» **AIM OF THE EXERCISE**
Would you transcribe only the lines below, from the one containing "Siphopteron tigrinum" through the end of the material, exactly and with no pictures?

» **MATERIAL FOR THIS TASK**

_ _ _ _

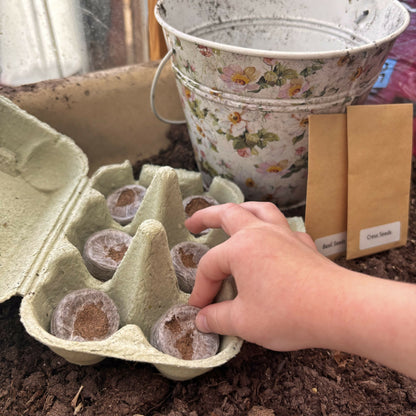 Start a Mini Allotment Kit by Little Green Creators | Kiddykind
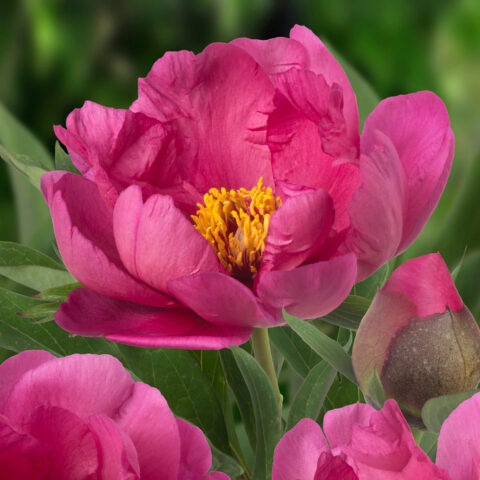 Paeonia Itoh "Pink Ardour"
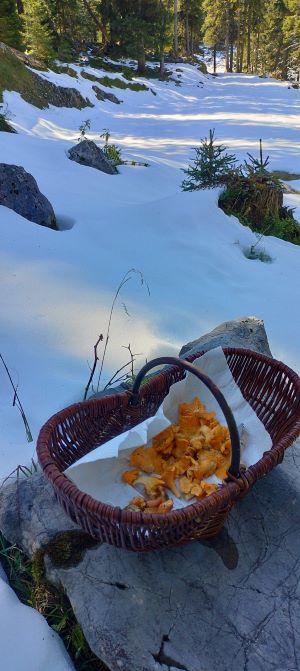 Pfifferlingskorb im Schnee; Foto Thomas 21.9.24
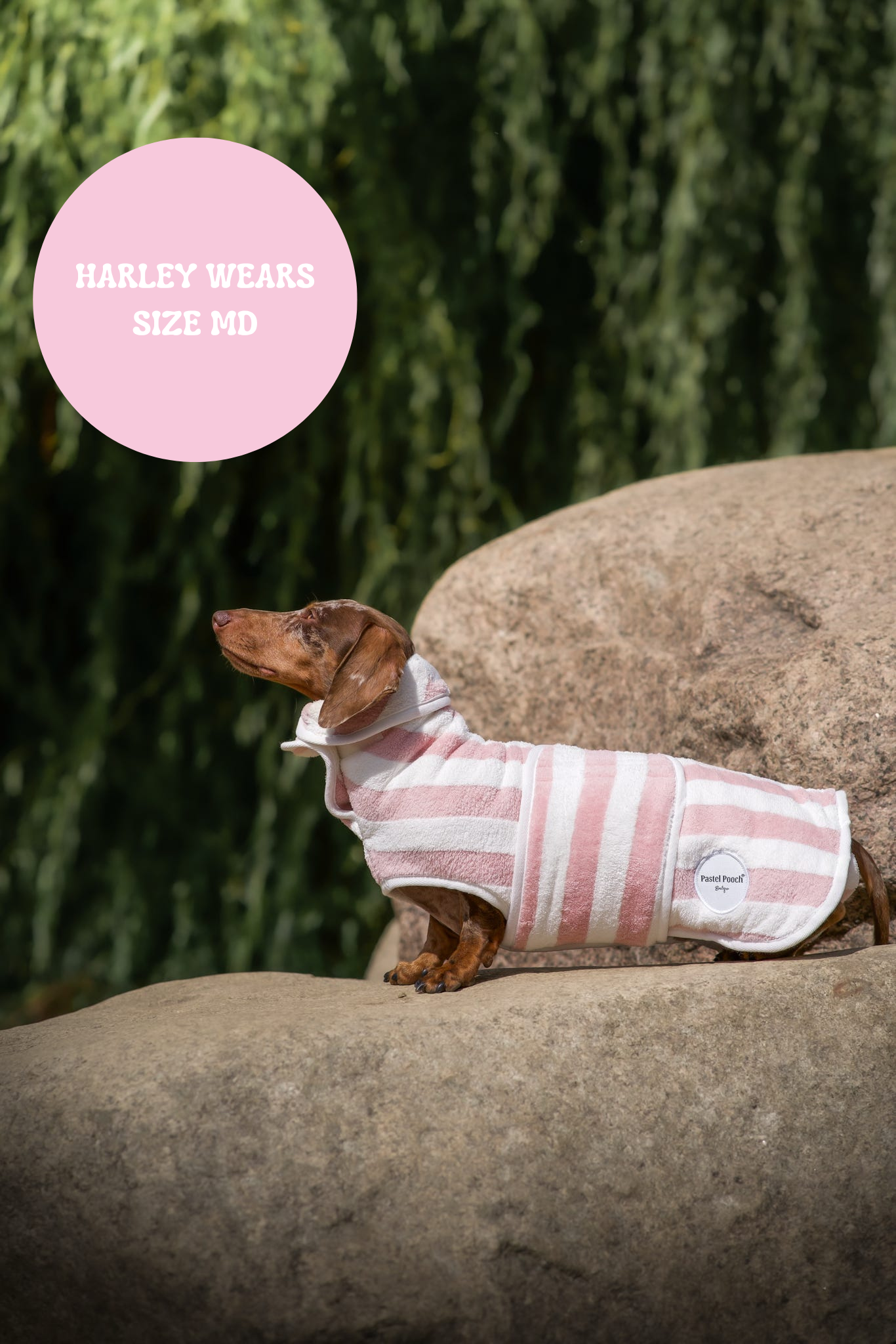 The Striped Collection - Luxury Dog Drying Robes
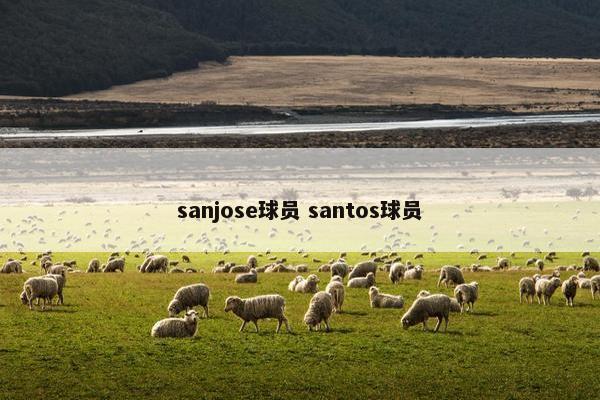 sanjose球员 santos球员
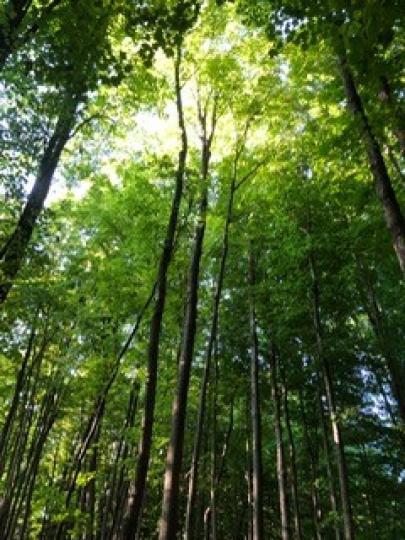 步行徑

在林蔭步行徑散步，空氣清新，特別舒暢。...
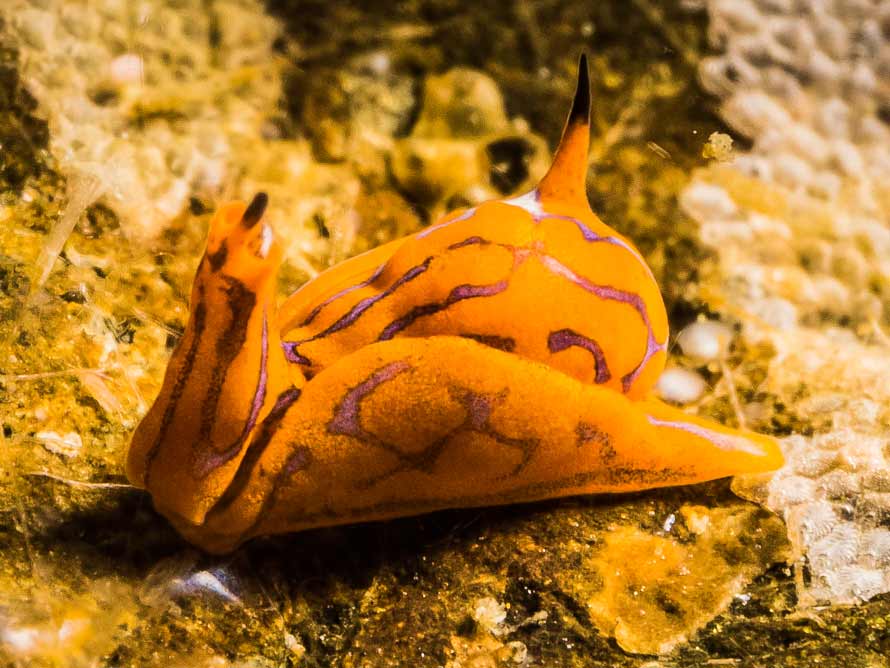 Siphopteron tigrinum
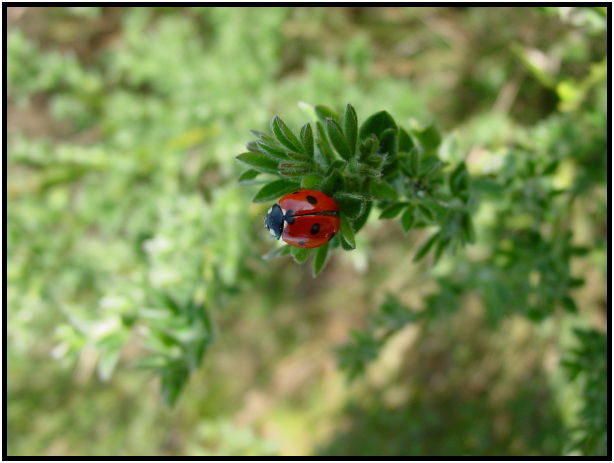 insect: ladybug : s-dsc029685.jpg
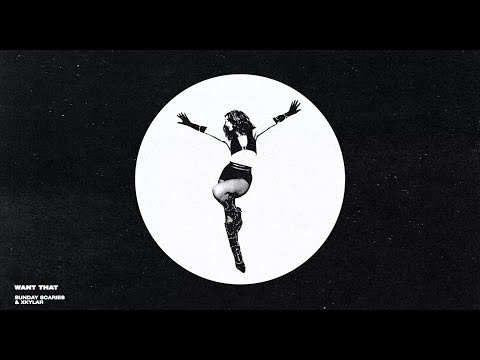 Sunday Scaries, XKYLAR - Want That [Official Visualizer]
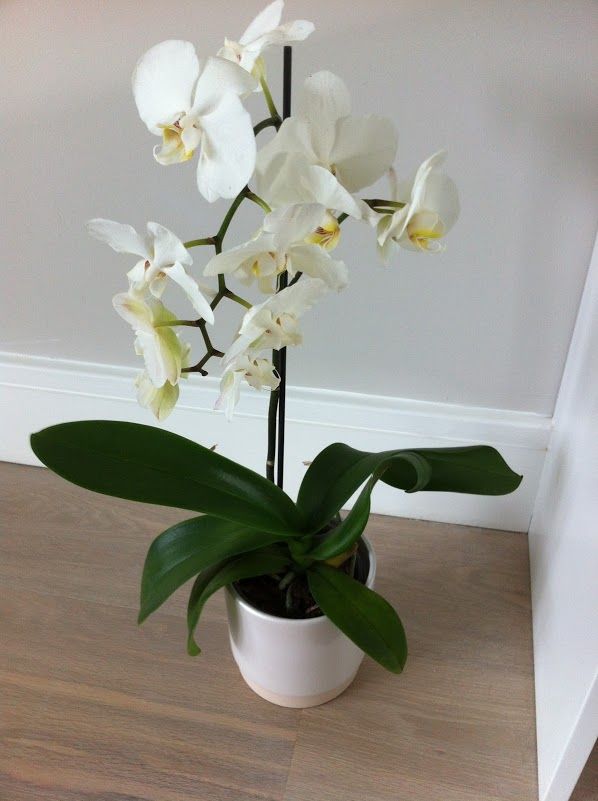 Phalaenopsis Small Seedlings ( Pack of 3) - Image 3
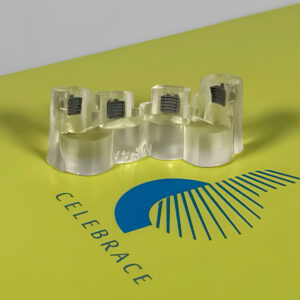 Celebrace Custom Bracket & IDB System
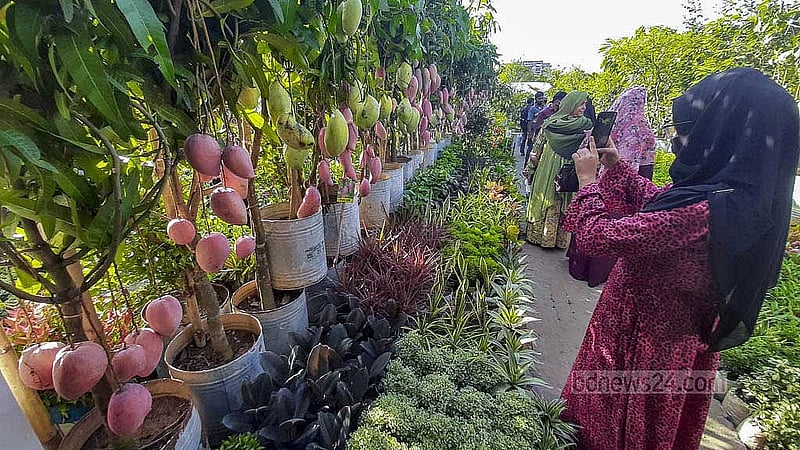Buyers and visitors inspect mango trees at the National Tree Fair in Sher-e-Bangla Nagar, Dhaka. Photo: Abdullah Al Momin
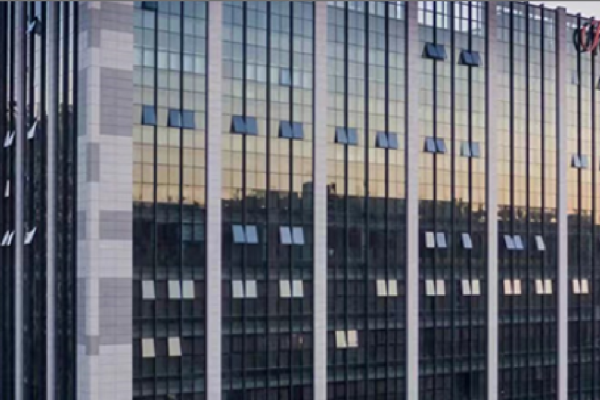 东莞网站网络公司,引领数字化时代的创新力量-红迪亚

_ _ _ _

» **COMPLETED TASK**
 Siphopteron tigrinum
 insect: ladybug : s-dsc029685.jpg
 Sunday Scaries, XKYLAR - Want That [Official Visualizer]
 Phalaenopsis Small Seedlings ( Pack of 3) - Image 3
 Celebrace Custom Bracket & IDB System
Buyers and visitors inspect mango trees at the National Tree Fair in Sher-e-Bangla Nagar, Dhaka. Photo: Abdullah Al Momin
 东莞网站网络公司,引领数字化时代的创新力量-红迪亚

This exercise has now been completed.